### [WHAT YOU WILL DO]
Your output should be the entries below, from the first line up to and including the line with "Стеклоподъемник электрический задний", reproduced exactly and with no other lines.

### [EXCERPTED RECORDS]

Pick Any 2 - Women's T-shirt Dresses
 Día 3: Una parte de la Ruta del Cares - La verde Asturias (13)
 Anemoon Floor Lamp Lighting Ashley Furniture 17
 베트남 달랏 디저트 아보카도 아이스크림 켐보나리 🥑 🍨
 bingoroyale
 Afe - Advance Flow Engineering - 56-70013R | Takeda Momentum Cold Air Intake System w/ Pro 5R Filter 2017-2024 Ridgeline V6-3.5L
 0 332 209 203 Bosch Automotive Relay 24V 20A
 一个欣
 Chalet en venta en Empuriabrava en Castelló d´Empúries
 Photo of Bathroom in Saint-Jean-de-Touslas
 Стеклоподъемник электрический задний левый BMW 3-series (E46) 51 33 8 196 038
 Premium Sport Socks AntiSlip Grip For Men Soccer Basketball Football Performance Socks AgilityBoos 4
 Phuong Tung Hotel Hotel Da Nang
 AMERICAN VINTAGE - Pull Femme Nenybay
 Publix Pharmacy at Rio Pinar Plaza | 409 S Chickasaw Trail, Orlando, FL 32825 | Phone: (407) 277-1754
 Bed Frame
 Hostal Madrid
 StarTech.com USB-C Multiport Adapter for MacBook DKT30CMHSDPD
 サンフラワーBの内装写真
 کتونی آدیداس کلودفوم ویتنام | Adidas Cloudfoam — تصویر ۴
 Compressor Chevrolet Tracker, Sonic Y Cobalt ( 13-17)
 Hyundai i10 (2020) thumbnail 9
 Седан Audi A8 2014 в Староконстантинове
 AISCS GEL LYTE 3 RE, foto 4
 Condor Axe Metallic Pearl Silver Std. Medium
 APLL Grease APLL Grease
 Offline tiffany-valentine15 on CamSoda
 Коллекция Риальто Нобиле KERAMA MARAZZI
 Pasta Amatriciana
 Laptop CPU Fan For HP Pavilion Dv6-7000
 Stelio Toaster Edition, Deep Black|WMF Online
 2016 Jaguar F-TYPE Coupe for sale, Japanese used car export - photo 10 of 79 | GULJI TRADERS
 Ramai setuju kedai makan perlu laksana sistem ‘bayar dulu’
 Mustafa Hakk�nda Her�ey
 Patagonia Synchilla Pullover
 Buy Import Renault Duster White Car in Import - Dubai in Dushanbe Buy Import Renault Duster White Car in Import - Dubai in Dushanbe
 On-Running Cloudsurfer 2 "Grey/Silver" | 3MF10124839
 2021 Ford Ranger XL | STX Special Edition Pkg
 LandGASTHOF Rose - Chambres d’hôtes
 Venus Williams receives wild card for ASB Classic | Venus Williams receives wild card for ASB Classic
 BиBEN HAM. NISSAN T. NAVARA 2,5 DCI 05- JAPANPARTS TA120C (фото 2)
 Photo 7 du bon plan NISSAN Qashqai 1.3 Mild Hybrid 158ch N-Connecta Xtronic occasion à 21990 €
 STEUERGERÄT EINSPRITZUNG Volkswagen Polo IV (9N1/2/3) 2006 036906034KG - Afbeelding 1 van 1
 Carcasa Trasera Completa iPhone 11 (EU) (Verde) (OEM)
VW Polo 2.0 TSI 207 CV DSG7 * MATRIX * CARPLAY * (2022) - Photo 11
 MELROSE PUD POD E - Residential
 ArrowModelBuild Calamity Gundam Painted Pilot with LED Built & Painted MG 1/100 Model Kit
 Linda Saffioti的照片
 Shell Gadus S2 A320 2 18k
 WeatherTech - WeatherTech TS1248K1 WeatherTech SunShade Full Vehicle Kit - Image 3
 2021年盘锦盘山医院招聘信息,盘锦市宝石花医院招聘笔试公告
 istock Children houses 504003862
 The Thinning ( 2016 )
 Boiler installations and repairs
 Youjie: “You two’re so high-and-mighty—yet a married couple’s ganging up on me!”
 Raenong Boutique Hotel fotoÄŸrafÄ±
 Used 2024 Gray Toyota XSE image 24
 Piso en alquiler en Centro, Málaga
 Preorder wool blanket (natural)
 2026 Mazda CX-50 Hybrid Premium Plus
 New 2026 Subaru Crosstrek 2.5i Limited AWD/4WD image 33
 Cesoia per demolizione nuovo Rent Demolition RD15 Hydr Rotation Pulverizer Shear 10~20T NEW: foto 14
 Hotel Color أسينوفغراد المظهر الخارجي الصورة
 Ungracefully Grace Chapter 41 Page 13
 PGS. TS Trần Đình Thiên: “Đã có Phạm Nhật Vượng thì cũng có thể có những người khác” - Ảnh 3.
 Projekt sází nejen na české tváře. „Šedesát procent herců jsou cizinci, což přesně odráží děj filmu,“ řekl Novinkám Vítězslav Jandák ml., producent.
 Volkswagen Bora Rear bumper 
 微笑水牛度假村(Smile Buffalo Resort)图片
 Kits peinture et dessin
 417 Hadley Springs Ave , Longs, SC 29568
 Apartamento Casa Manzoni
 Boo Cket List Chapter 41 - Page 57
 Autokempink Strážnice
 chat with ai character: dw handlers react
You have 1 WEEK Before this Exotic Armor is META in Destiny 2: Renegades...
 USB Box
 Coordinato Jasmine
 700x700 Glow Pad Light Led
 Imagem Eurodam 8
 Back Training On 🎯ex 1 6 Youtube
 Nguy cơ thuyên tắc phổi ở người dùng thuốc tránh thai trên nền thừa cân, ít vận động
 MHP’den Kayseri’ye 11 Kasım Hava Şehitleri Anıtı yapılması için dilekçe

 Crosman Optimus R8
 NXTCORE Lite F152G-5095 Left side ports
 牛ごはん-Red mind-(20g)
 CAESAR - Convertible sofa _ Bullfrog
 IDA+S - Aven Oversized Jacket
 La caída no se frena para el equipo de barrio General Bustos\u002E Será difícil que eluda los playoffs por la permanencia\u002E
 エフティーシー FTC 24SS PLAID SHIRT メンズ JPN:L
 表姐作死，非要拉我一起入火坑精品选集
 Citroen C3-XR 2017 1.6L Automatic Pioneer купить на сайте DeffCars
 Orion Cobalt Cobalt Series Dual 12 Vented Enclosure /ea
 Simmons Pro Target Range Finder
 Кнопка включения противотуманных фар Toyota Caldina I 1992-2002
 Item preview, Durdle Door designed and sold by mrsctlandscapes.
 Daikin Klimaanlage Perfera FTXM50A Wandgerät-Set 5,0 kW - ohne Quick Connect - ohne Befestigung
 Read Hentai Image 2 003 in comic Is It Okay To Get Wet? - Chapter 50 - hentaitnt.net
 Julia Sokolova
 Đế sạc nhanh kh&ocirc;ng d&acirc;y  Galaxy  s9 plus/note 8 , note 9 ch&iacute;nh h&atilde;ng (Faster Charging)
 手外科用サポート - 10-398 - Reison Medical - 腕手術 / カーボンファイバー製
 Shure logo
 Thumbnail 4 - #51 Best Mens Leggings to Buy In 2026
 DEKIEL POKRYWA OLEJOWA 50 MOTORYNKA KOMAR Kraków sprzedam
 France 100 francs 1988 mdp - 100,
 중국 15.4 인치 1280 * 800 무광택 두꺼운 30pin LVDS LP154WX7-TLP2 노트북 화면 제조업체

### [WRITTEN SOLUTION]
Pick Any 2 - Women's T-shirt Dresses
 Día 3: Una parte de la Ruta del Cares - La verde Asturias (13)
 Anemoon Floor Lamp Lighting Ashley Furniture 17
 베트남 달랏 디저트 아보카도 아이스크림 켐보나리 🥑 🍨
 bingoroyale
 Afe - Advance Flow Engineering - 56-70013R | Takeda Momentum Cold Air Intake System w/ Pro 5R Filter 2017-2024 Ridgeline V6-3.5L
 0 332 209 203 Bosch Automotive Relay 24V 20A
 一个欣
 Chalet en venta en Empuriabrava en Castelló d´Empúries
 Photo of Bathroom in Saint-Jean-de-Touslas
 Стеклоподъемник электрический задний левый BMW 3-series (E46) 51 33 8 196 038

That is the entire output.